Working from the records below, repeat exactly the lines starting at the line that contains "a close up of a helmet with a strap on it" and ending at the line that contains "Smiling young woman", inclusive.

▶ [Information given]:
====

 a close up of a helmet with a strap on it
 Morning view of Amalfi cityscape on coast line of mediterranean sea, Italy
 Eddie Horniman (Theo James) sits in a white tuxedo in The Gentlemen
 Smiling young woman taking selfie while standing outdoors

====

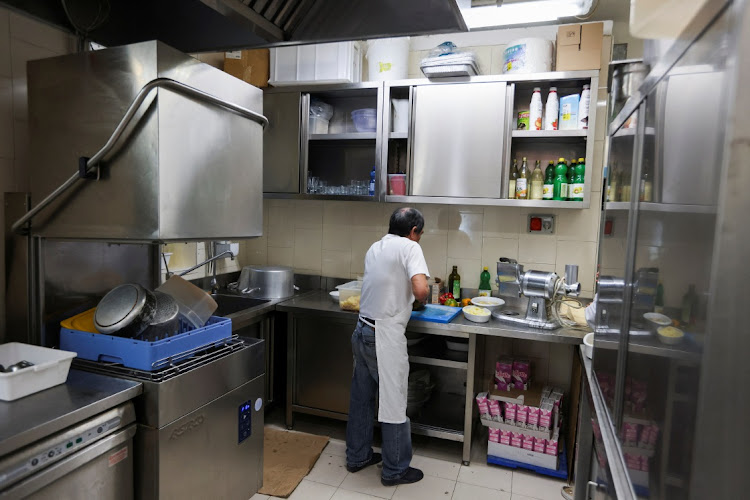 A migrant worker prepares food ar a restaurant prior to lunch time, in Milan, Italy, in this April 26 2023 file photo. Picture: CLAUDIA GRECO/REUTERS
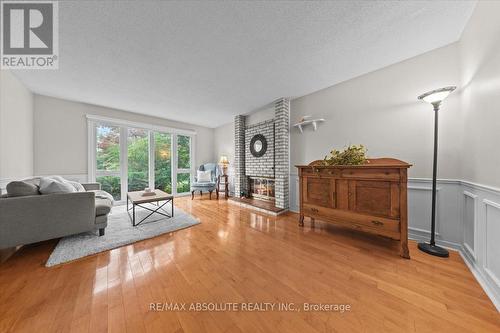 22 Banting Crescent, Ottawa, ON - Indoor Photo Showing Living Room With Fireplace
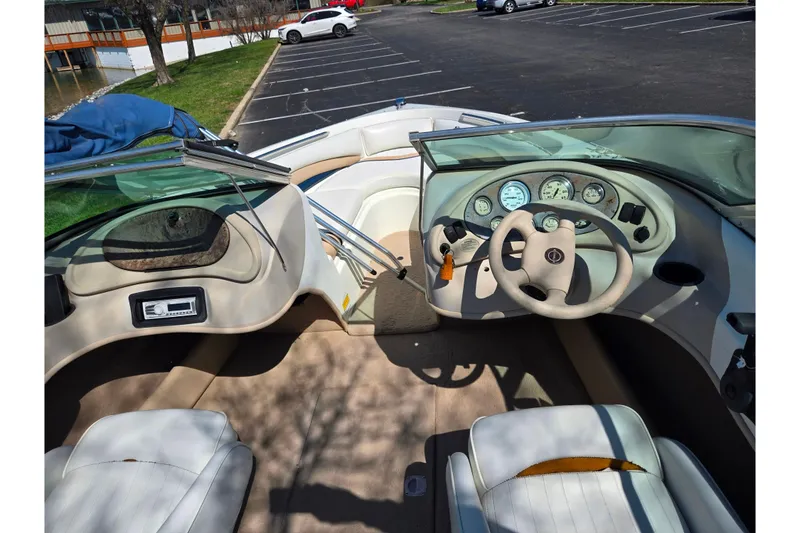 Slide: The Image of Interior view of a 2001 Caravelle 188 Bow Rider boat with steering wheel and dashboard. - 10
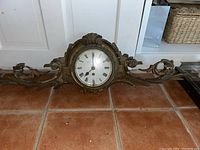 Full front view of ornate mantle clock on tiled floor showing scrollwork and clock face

====

▶ [Solved exercise]:
 a close up of a helmet with a strap on it
 Morning view of Amalfi cityscape on coast line of mediterranean sea, Italy
 Eddie Horniman (Theo James) sits in a white tuxedo in The Gentlemen
 Smiling young woman taking selfie while standing outdoors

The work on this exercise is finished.